These are the key concepts you need to understand to accurately answer the question.

Hypothesis Testing
Hypothesis testing is a crucial concept in statistics that helps us make decisions about population parameters based on sample data. The process starts by formulating two competing statements known as the null hypothesis (\(H_0\)) and the alternative hypothesis (\(H_a\)).
  • The null hypothesis (\(H_0\)) often represents the status quo or a statement of no effect. In our example, it asserts that the average reading score is 208.
  • The alternative hypothesis (\(H_a\)) suggests that there is an effect or difference we want to prove, such as the average score being above 208.
Hypothesis testing involves calculating the probability of observing the sample data, assuming \(H_0\) is true. If this probability is low, we reject \(H_0\) in favor of \(H_a\).
The aim is to determine if there's enough evidence to support that the true average score is above the basic level.
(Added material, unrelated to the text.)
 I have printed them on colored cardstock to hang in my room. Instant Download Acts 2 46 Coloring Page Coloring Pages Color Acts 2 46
This method is robust in making data-driven decisions and conclusions.
Type II Error
A Type II error occurs when a test fails to reject the null hypothesis (\(H_0\)) even though the alternative hypothesis (\(H_a\)) is true. In simpler terms, it's like missing a needle in a haystack.
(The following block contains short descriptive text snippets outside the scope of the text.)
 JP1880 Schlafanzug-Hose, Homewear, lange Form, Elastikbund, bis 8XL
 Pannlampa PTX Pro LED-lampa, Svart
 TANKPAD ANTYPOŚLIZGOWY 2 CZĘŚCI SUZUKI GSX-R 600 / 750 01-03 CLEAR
You conclude there isn’t an effect when there actually is one.
  • In our context, a Type II error means concluding that the reading scores are not above 208, even when they actually are above it.
  • The probability of making a Type II error is often denoted by the symbol \(\beta\).
The power of a statistical test (\(1 - \beta\)) gives us insight into the likelihood of not making a Type II error.
A low power test, like the one mentioned with a power of 0.394, indicates a 60.6% chance of failing to detect the true effect.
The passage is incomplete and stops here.